FLIP-204 introduces Hash Lookup Join that distributing data according to the hash of Join keys. For LookupFunction using partial-caching strategy, this can improve the hit rate. However, in some external system, the data itself has a certain distribution pattern. For example, Apache Paimon organizes data in buckets, partitioning by join key is not conducive to data locality.
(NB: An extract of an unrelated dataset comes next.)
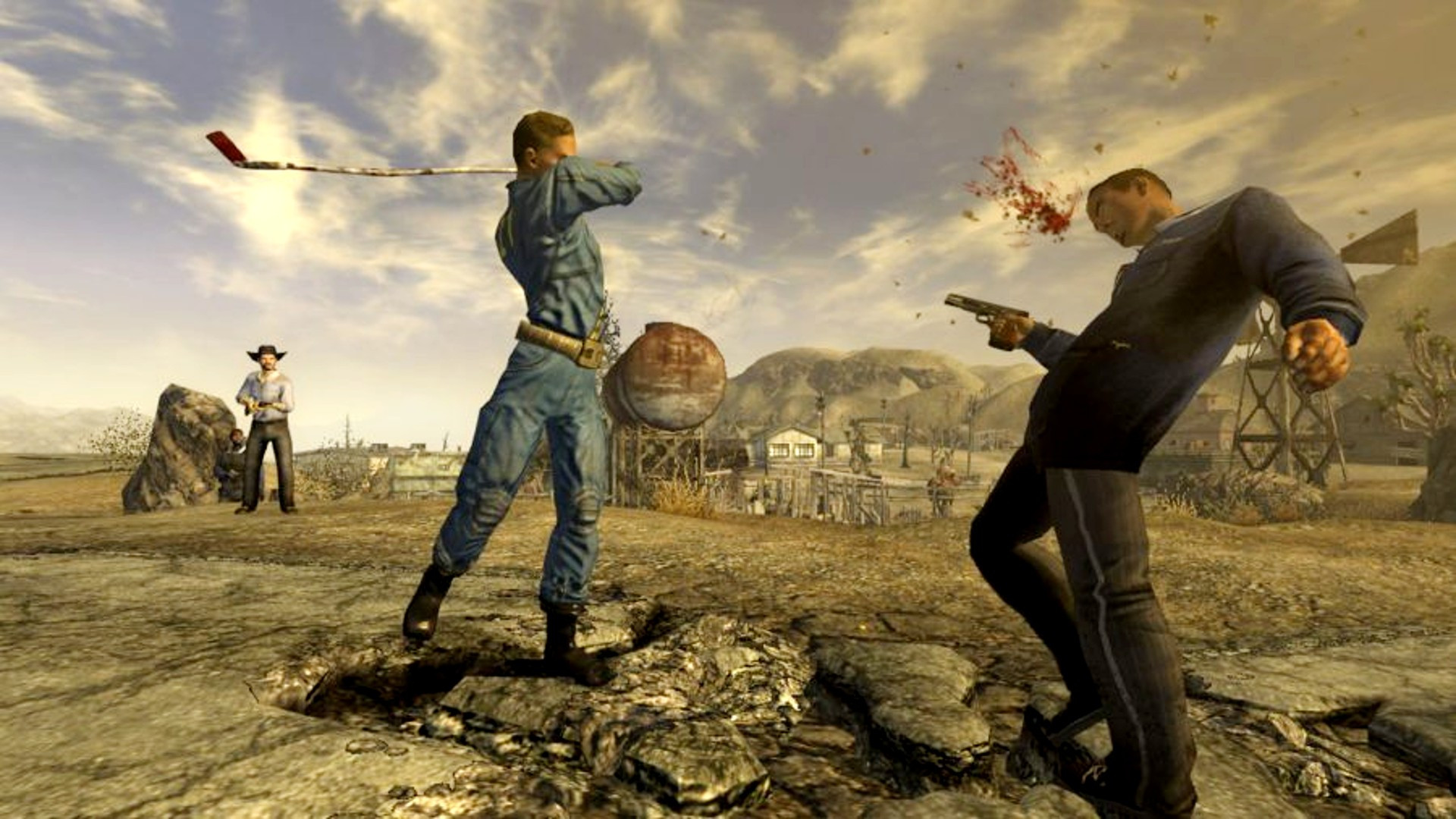 A person whacking someone with a golf club while someone watches with a gun in Fallout: New Vegas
As you can see, external systems may have different requirements for data distribution on the Input side, and Flink does not have this knowledge. We want to introduce a mechanism for the connector to tell the Flink planner its desired input stream data distribution or partitioning strategy. This can significantly reduce the amount of cached data and improve performance of Lookup Join.
Public Interfaces
We propose to introduce the following interface as a new ability for LookupTableSource connector.
/**
* This interface is designed to allow connectors to provide a custom partitioning strategy for the
* data that is fed into the {@link LookupTableSource}. This enables the Flink Planner to optimize
* the distribution of input stream across different subtasks of lookup-join node to match the
* distribution of data in the external data source.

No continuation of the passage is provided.